Another reason for recording some of these things here is to remind myself to look into them more when I get some time. Every day, I carry in my back pocket a little black notebook, in which I jot down ideas as I think of them–usually while sitting on the subway or reading or writing about something else; in other words, they come to me precisely when I can’t do much to investigate them further. When I get a little more time, I transfer them from my notebook to Evernote and tag them for retrieval some day when I can work with them. I’ll continue to do that, but why not also put them on here, too. Perhaps they’ll stimulate someone else’s interest or lead to a solution to a problem someone else is working on. As I say in my little epistle on the front page, “What good are our insights if we keep them to ourselves?”
So don’t expect fully researched and documented research papers on here. Even the full papers I post from time to time probably need to be updated or brought into conversation with wider literature than they currently interact with. All things in time.
Also, you shouldn’t expect the content here only to be about my professional interests and activities. I’ll also publish short pieces of social and cultural criticism, devotional reflections, and anything else I want to share with my readers.
I am married since 2002, and my wife and I live in the neighborhood of Harlem, in the borough of Manhattan, which is to say the county, city, and state of New York. (Did you know that New York City is actually five counties, one for each of the boroughs that constitute the city? The counties are smaller than the city here, unlike southern California, where I grew up.) We moved here four years ago for me to pursue a Ph.D. in New Testament in the Department of Theology of Fordham University, and we just decided in summer, 2009 that we would make our permanent home here.

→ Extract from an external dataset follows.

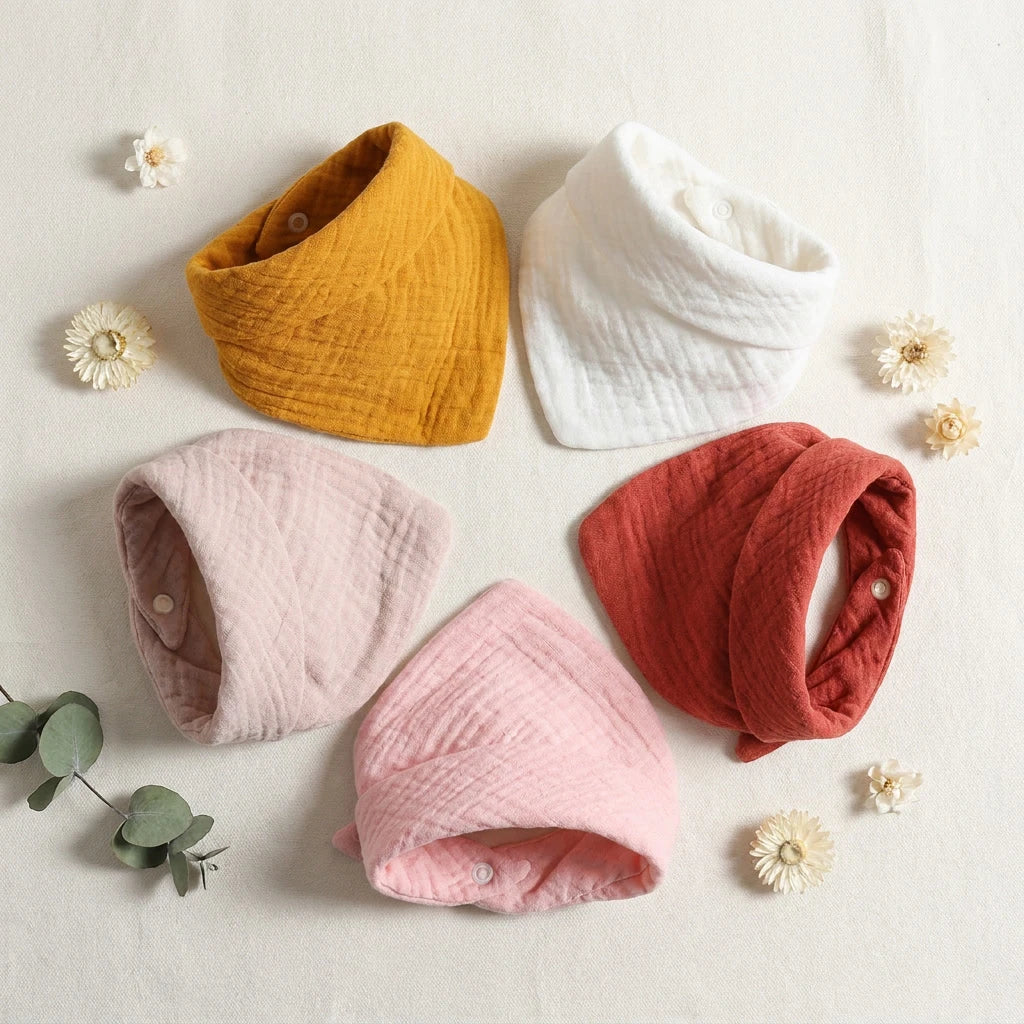 Set of 5 soft cotton baby bibs in mustard, white, light pink, dark pink, and rust with snap closures.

What’s with the Greek letters phi and delta? Although my ancestry is mainly German, Irish, and English, both my first and last names are Greek in origin. Phillip is from the Greek word meaning “lover of horses” (although it was my wife who spent one summer teaching the horsemanship merit badge at a Boy Scout camp, not me). In Greek, the ph sound in the name Phillip is made by the letter phi, not pi, and it’s transliterated into English as ph, not p. (The same principle is at work in the abbreviation Ph.D. rather than P.D.) My last name comes from the Greek Dionysius, after a certain god of ill repute, known to the Romans as Bacchus.